Abstract
Immune thrombocytopenic purpura (ITP) is an acquired thrombocytopenia where autoantibodies are generated against platelet antigens. Primary ITP is often idiopathic, whereas secondary ITP has many potential causes, including drug induced, infection related (human immunodeficiency virus, hepatitis C), leukemias, or autoimmune such as systemic lupus erythematosus. ITP is a common cause of thrombocytopenia in asymptomatic individuals, where evidence of bleeding may be minor or absent. Chronic silent bleeding leading to extreme anemia in patients with ITP is rare, and evidence of multiorgan damage is even rarer; hence the relevance of this case report. Here we describe a case of primary ITP with severe chronic blood loss leading to profound anemia causing renal failure and a type II non–ST elevation myocardial infarction.

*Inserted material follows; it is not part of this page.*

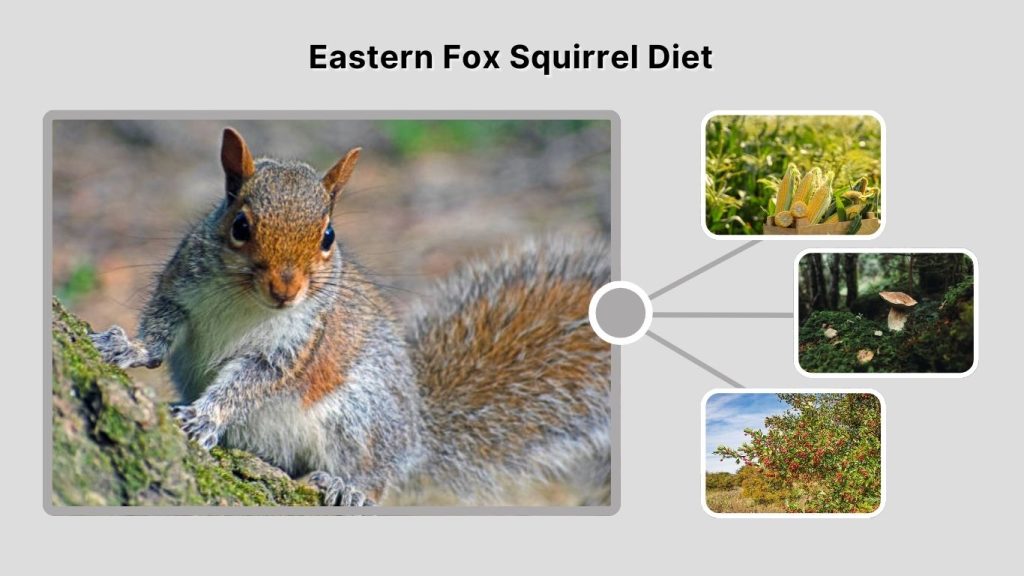Eastern Fox Squirrel Diet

Our patient underwent extensive workup for the etiology of both thrombocytopenia and anemia and was eventually treated with packed red blood cell and platelet transfusions, along with intravenous steroids and immunoglobulin therapy.
Keywords: Acute myocardial infarction, immune thrombocytopenic purpura, renal failure, severe anemia
Bleeding in immune thrombocytopenic purpura (ITP) occurs in 66% of patients on presentation and is usually “platelet-type” bleeding, presenting as petechiae; nonblanchable, flat, erythematous, discrete lesions; or a collection of petechiae called purpura, which are classically nonpalpable in thrombocytopenia.1–4 Severe bleeding in ITP can be related to mucosal bleeding: either intracranial hemorrhage or continuous epistaxis or hemorrhage from gastrointestinal loss.5 Though studies allude to severe bleeding due to ITP, few use a quantifiable scale such as the common terminology criteria for adverse events or Buchanan or Blanchette score of severe bleeding, and most do not discuss multiorgan involvement.5–7 Here we report an unusual case of severe chronic blood loss most likely from a gastrointestinal source secondary to primary ITP, leading to multiorgan failure.
Case report
A 49-year-old black man with no known past medical history presented to the emergency department complaining of dull periumbilical pain, progressive malaise, exertional dyspnea, and poor appetite for 7 weeks. He had an episode of epistaxis that was difficult to control and two episodes of nonbloody, nonbilious emesis. Vital signs and physical exam were unremarkable except for mild tachycardia, tachypnea, and scleral and mucosal pallor. Laboratory tests showed a hemoglobin level of 2.5 g/dL, platelet count of 1 K/μL, lactate dehydrogenase of 453 U/L (normal: 86–246 U/L), haptoglobin of 156 mg/dL (normal: 32–214 mg/dL), creatinine of 2.8 mg/dL, blood urea nitrogen of 40 mg/dL, and troponin I of 0.310 ng/mL (normal: 0.00–0.045 ng/dL). The electrocardiogram showed sinus tachycardia without evidence of ischemia or left ventricular hypertrophy (LVH) (Figure 1).
Figure 1.
Electrocardiogram showing sinus tachycardia in the setting of a demand ischemia (type II non–ST elevation myocardial infarction).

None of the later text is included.